Tuesday, July 31, 2012

Alexander exhibition at the Louvre, Paris

« Au Royaume d’Alexandre le Grand. La Macédoine Antique. » Quite a mouthful for an exhibition, but definitely one that was worth seeing. Such a pity it ran for so short a period of time (from 13 October 2011 to 16 January 2012), and I wasn’t able to visit the Louvre till near the very end. Consequently, there was no point in sharing my impressions anytime soon.

I found the title of this exhibition rather confusing: was it about Alexander the Great, or was it about Macedonia? Well, in the end, it was about both, of course, but the accent was set around old Macedonia, and it was a well-deserved recommendation.

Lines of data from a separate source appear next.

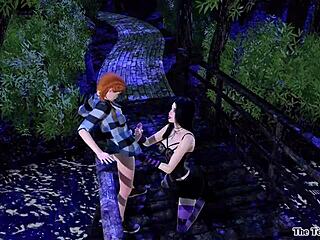 Ttf - your secret with anime futanari goth ladyboy shemale porn in 3d cock hentai cartoon?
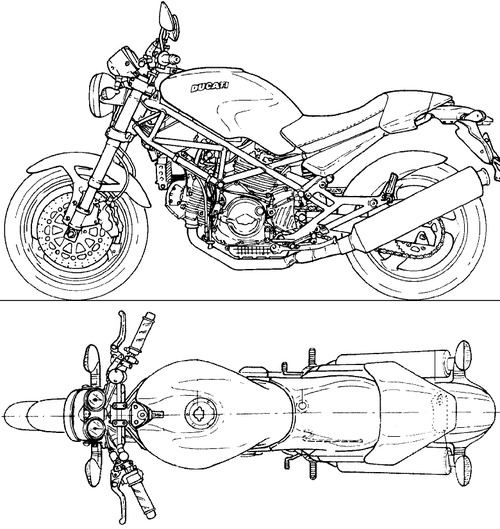 Ducati Monster 750 (2001)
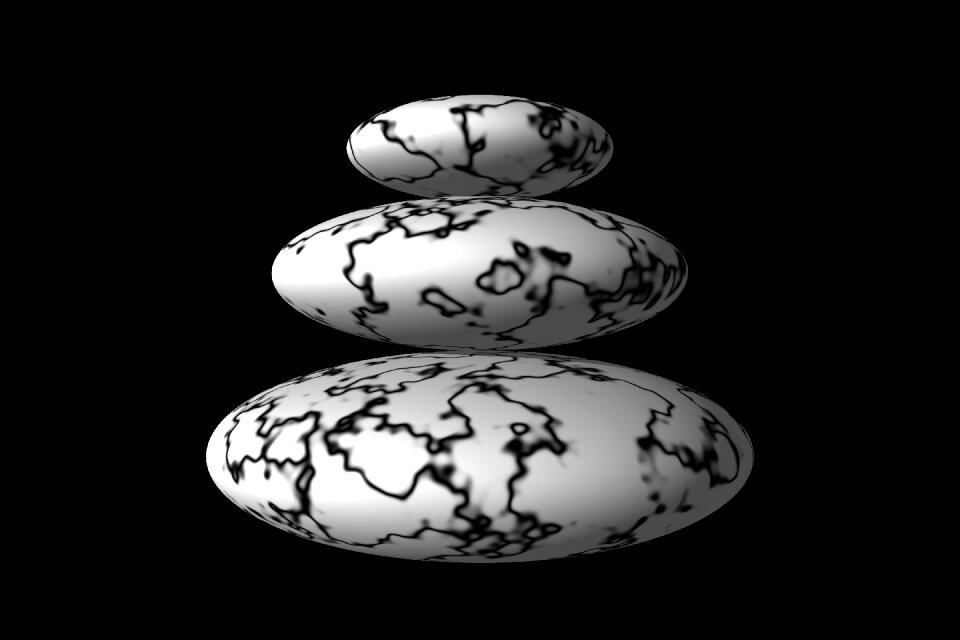 Balance tranquil pebble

Today, like in antiquity, it seems that Macedonia is some kind of stepchild, not entirely part of Greece or worthy to be part of it. The excavations of the past thirty years or so prove much to the contrary.

The very first excavations date back to 1861, when two French archaeologists (of course, we are referring to France and the French here!), Léon Heuzey and Henri Daumet made their first discoveries under the close watch of the Ottoman rulers. They uncovered the remains of the Royal Palace of Aegae, not knowing that this was Aegae, the old Macedonian capital, in what is called today Vergina. After that, we have to wait till after the First World War when Konstantinos Rhomaios started new diggings in the area in 1920. He is the one who put Pella on the map, the second capital of Macedonia, about 25 kilometers further inland than expected because of the silting up of the Axios River. He also discovered several tombs in the Vergina area. By far the largest and most sensational discovery happened in 1977 when Manolis Andronicos localized the unspoiled Tomb of King Philip II, Alexander’s father. Huge quantities of precious gifts were found in his burial chamber as well as in the nearby tombs underneath this same tumulus. In the wake of this discovery, other promising diggings were generally started elsewhere.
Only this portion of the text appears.